Appellants Nelson and Nelson filed an answer to appellee’s second paragraph of complaint in two paragraphs ; the first being a general denial and the second a plea of payment. Appellee then closed the issues by filing certain replies. The cause was submitted to the court for trial, and judgment was rendered in favor of appellee, against appellants Nelson and Nelson on the notes in suit for $3,809.25 and costs, and a decree was entered foreclosing the liens securing the same. Appellants filed motions for a new trial, which were overruled and now prosecute this appeal.
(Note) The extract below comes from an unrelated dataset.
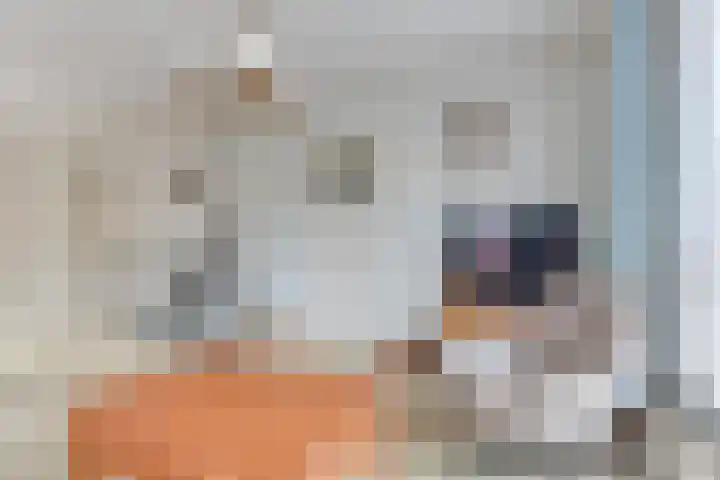 Burgemeester de Boerlaan 3 Obdam thumbnail 10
1. 2. Appellants’ assigned errors Nos. 1, 8, 12, 17, 18, 19, 20, 21, 22, 23, 24, 25, 26, 27, 28, 29, 30, and 31 relate to the sufficiency of the complaint, and are waived by a failure to State any propositions or points with reference to the same. Chesapeake, etc., R. Co. v. Jordan (1916), 63 Ind. App. 365, 114 N. E. 461; Continental Ins. Co. v. Bair (1917), 65 Ind. App. 502, 114 N. E. 763, 116 N. E. 752. Moreover, Nos. 17, 18, 19, 20, 22, 25, 26, 29, 30, and 31 would not be available in any event, as they seek in this court to assail the complaint on the ground of insufficient facts by a direct *26assignment in that regard. Since the amendment of §348 Burns 1908 (Acts 1911 p. 415) there has been no authority for such procedure. Riley v. First Trust Co., Admr. (1917), 65 Ind. 577, 117 N. E. 675.

3. Appellants’ assigned errors Nos. 2, 3, 4, 9, 10, 13 and 14 relate to the action of the court in sustaining demurrers to their answers in abatement. ' It will he noted that these answers are each based on a collateral written agreement between appellee’s decedent and appellant James Nelson, which provides for a stay of further proceedings in this action until said Nelson shall have secured the satisfaction of certain liens on the real estate in question, after which a new mortgage was to he executed thereon by said Nelson and accepted by said decedent to secure certain indebtedness due him, and thereupon this cause was to be dismissed. Appellee contends that this agreement is invalid, and therefore could not serve as the basis of a plea in abatement. This contention need not be considered, as the answers are subject to demurrer for other reasons. It is alleged in each that the liens mentioned in the agreement'have been satisfied. This was the event to which this action was to be postponed by the terms of the agreement. The fact that -appellee refused to carry out its provisions relating to the settlement of the notes in suit and the dismissal of this action are clearly not matters in abatement. The indebtedness was due, the event limiting the postponement of the action had transpired, even if the agreement was valid, and hence no ground existed for an abatement' of the action. It follows that the court did not err in sustaining demurrers to said answers.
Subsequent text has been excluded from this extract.